Repeat the listing below in full and exactly. Pictures are to be omitted.

Data shown
#####
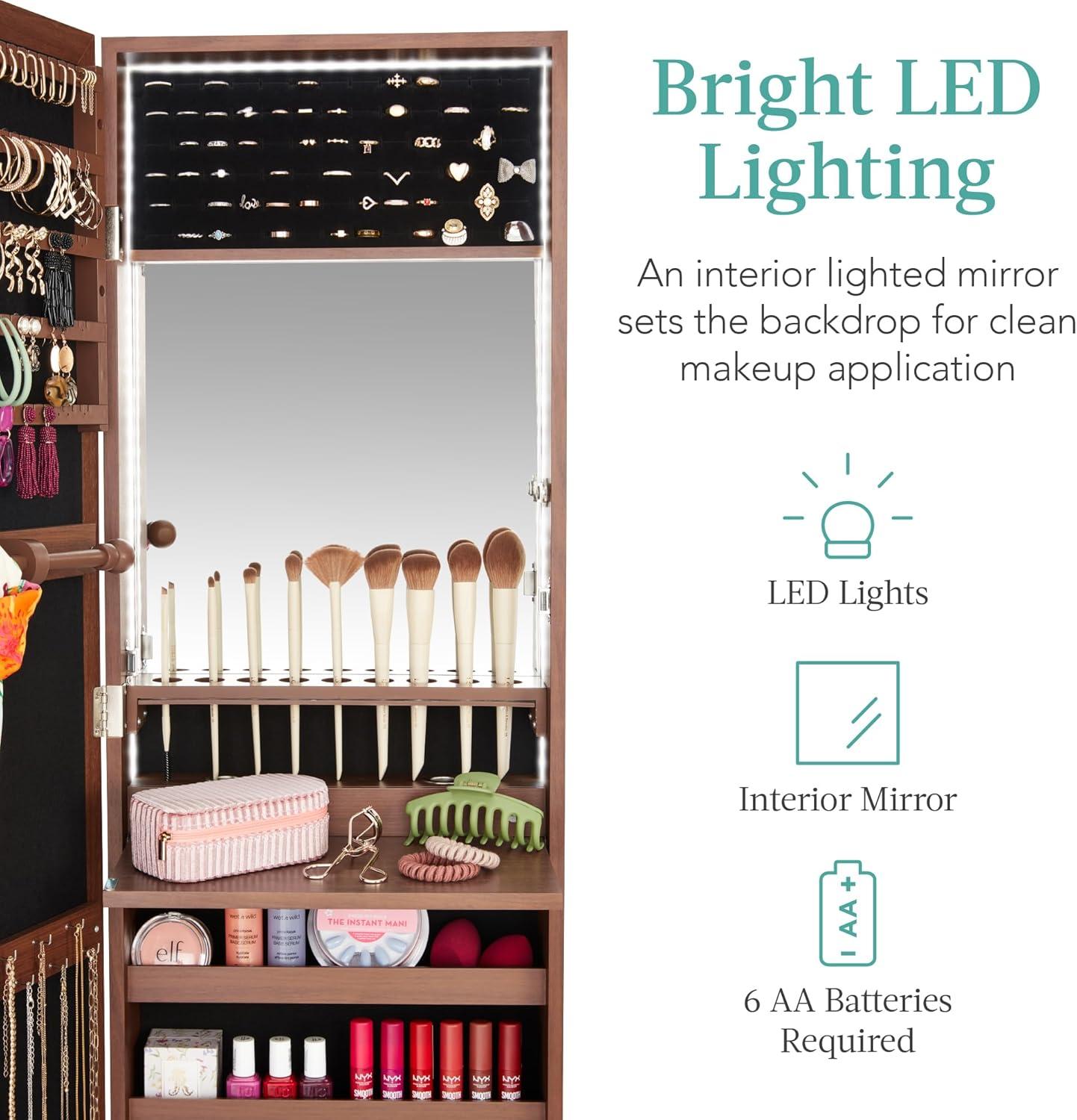 Best Choice Products Hanging Mirror Jewelry Armoire, Door or Wall Mounted Cabinet w/ LED Lights, Lock - Walnut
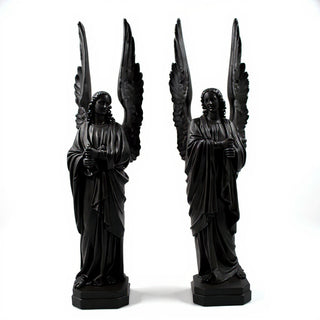 Cathedral Angels Statue - 89-inch — Flat Black finish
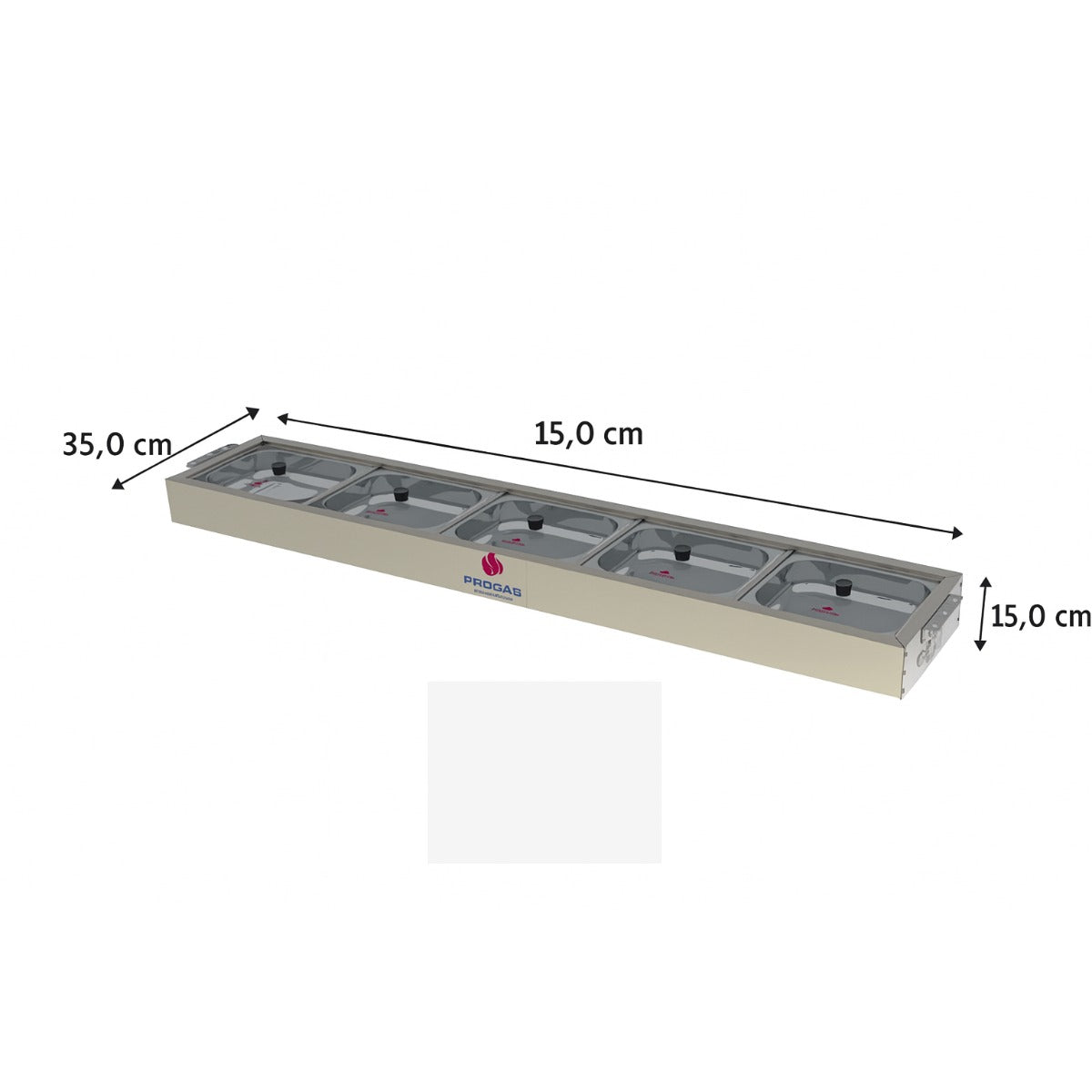 Buffet Frio Progás 5 Cubas com Tampa de Vidro -PRBF-50GN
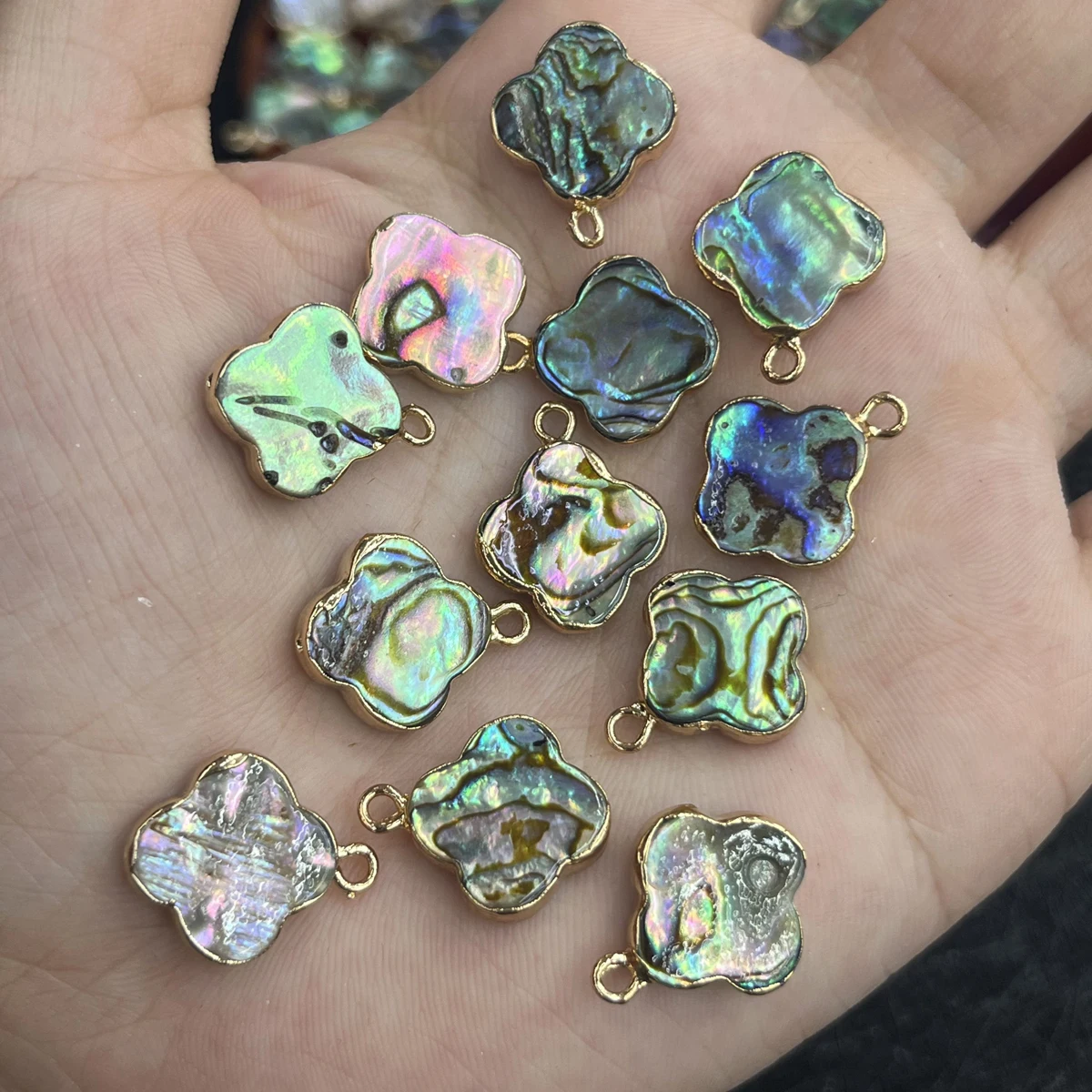 1pc 14x14mm Natural Abalone Shell Clover Charm Rainbow Paua Shell Pendant Boho Lucky Four Leaf Clover Jewelry Making Supplies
#####
Response for this exercise
 Best Choice Products Hanging Mirror Jewelry Armoire, Door or Wall Mounted Cabinet w/ LED Lights, Lock - Walnut
 Cathedral Angels Statue - 89-inch — Flat Black finish
 Buffet Frio Progás 5 Cubas com Tampa de Vidro -PRBF-50GN
 1pc 14x14mm Natural Abalone Shell Clover Charm Rainbow Paua Shell Pendant Boho Lucky Four Leaf Clover Jewelry Making Supplies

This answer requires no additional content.